Nell’accezione sveviana, la contemplazione – uno dei cardini del pensiero di Schopenhauer, che una robusta influenza esercitò sullo scrittore triestino – si traduce nell’ascesi e nel rifiuto dell’azione, mentre nel filosofo tedesco essa aveva una valenza positiva e dinamica. Per Svevo l’individuo contemplatore è privo di quella spregiudicatezza propria, invece, dell’individuo lottatore, che permette di tollerare senza avvilimenti la vita borghese. Il Macario di “Una vita” è un personaggio di sconcertante mediocrità, che ritiene inutile, addirittura dannosa, l’attività intellettuale. Tuttavia, proprio questa sua concezione gli consente di praticare un facile dominio sugli individui contemplativi, destinati a soccombere, come i pesci “fatti per pescare e mangiare”, ad opera dei gabbiani. Dice Macario rivolgendosi ad Alfonso Nitti, il protagonista del romanzo: “E lei che studia, che passa ore intere a tavolino a nutrire un essere inutile! Chi non ha le ali necessarie quando nasce, non gli crescono mai più. Chi non per natura piombare a tempo debito sulla preda non lo imparerà giammai e inutilmente starà a guardare come fanno gli altri, non li saprà imitare”.
L’inettitudine è un tema centrale nella narrativa di Svevo. Ne “L’assassinio di via Belpoggio” il protagonista ha un carattere “poco energico, inerte”. Un’amara ironia sta nel fatto che le ali che il gabbiano usa sulla preda gli servono tutt’al più per nascondervi la testa, per isolarsi, sognando voli poetici. Per gli inetti non c’è posto in una società fondata sulla brutale competizione.

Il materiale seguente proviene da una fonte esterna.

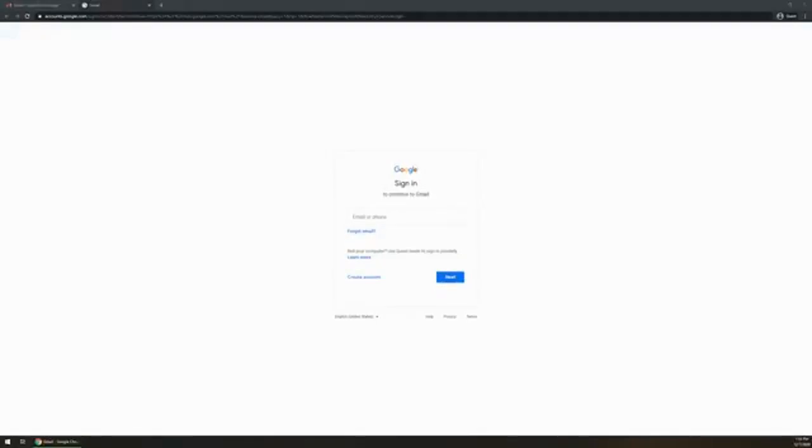Head over to the computer and open your browser of choice. In today's video I'm using Google Chrome. Then you're going to want to head on over to gmail.com.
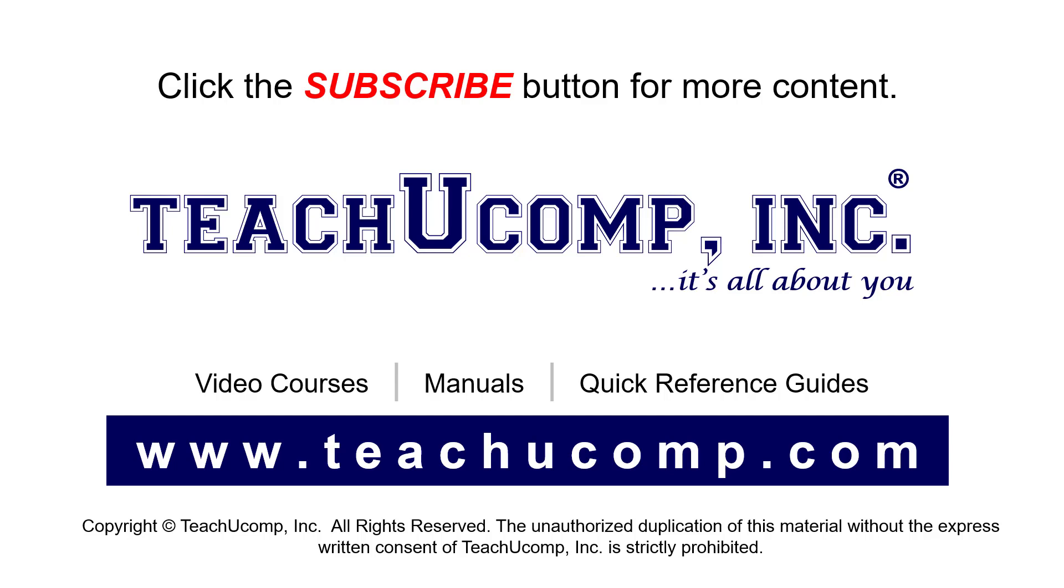If you like our video, click the button to subscribe to our channel and get easy access to new content. To see our full suite of ad-free video courses, instruction manuals, and quick reference guides, visit us at www.teachyucomp.com.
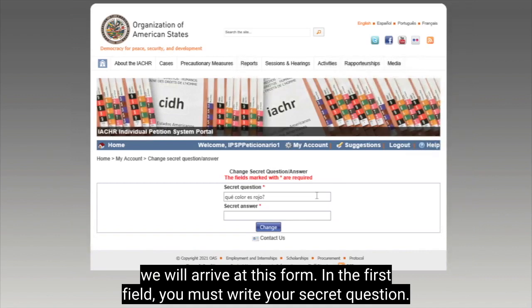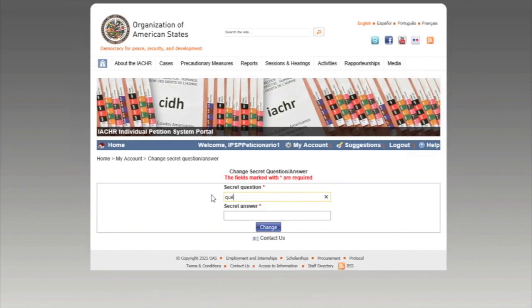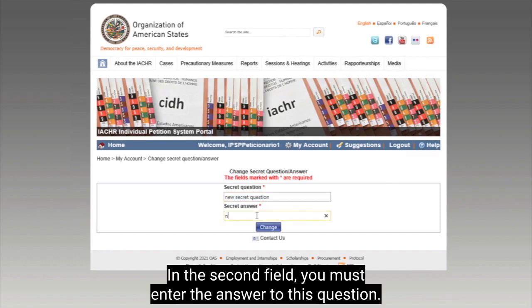After pressing on Security Question, we will arrive at this form. In the first field, you must write your secret question. In the second field, you must enter the answer to this question.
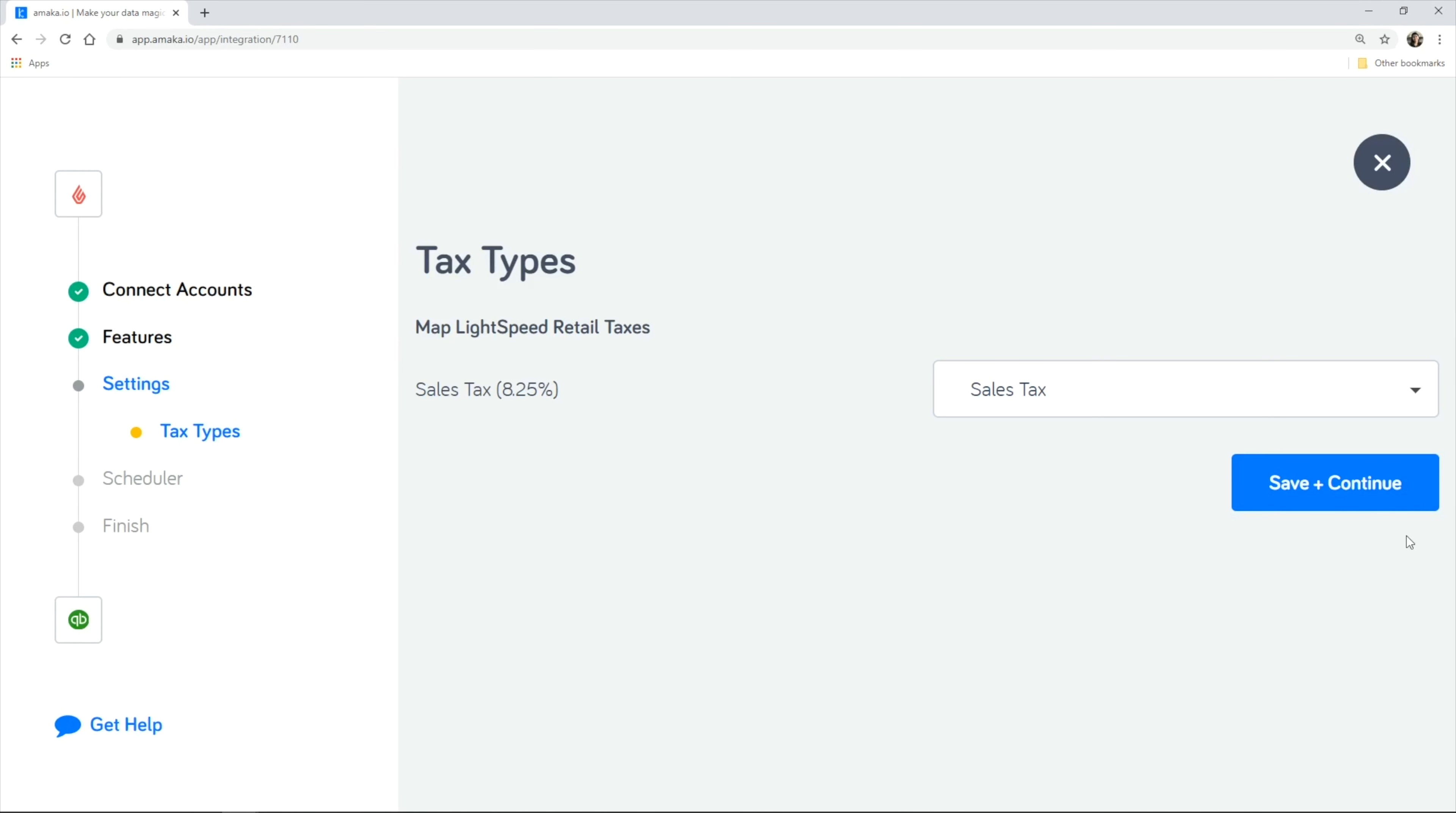Taxes appear as line items in the invoice. This way the integration can capture all taxes and allocate them into the relevant current liability account.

Una società selettiva, che emargina gli intellettuali più sensibili, gli spiriti speculativi.
In “Una vita” Alfonso prova soddisfazione nello scoprirsi immune dalle debolezze che inficiano gli altri, i quali sono in lotta “per il denaro e per gli onori”. Andava “superbo” della propria superiorità. “Quando entrava in biblioteca o nella sua stanzuccia, egli usciva perfettamente dalla lotta; nessuno gli contendeva la sua felicità, egli non chiedeva nulla a nessuno”. Ma la superiorità, intellettuale e morale, di Nitti è solo un’illusione. La stanzuccia e la biblioteca simboleggiano un isolamento volontario e assoluto, e tradiscono il timore che la felicità costruita come trama di un sogno possa essere cancellata dal mondo esterno e dagli urti che da esso derivano. Anche ne “La coscienza di Zeno” ricorre questa tematica, sebbene essa si esprima attraverso una dimensione più distaccata e ironica. Giovanni Malfenti è un maestro del commercio, “un grande negoziante, ignorante e attivo”. “Ma dalla sua ignoranza – scrive Svevo – gli risultava forza e serenità ed io m’incantavo a guardarlo, invidiandolo”. Il Malfenti aveva un corpo enorme. Nella sua grossa testa si muovevano “poche idee”, ma erano da lui svolte “con tanta chiarezza, sviscerate con tale assiduità, applicate evolvendole ai tanti nuovi affari di ogni giorno, da divenire sue parti, sue membra, suo carattere”. Di queste idee Zeno era “povero”. Allora decide di “attaccarsi a lui” per arricchirsi. Dice il protagonista: “Questa è la verità. Io sono un timido!”. Non sarebbe approdato a questa consapevolezza se non avesse conosciuto, e studiato, Giovanni. In un appunto del 1896 Svevo scrive: “Io non sono buono di conquistare nulla. Io non voglio conquistare nulla. Io voglio avere e tenere senza sforzo. Altrimenti la vita diventa per me sgradevole, piena di responsabilità e di minacce. Se non posso avere e tenere senza sforzo, io volentieri rinunzio, senza esitazione rinunzio”.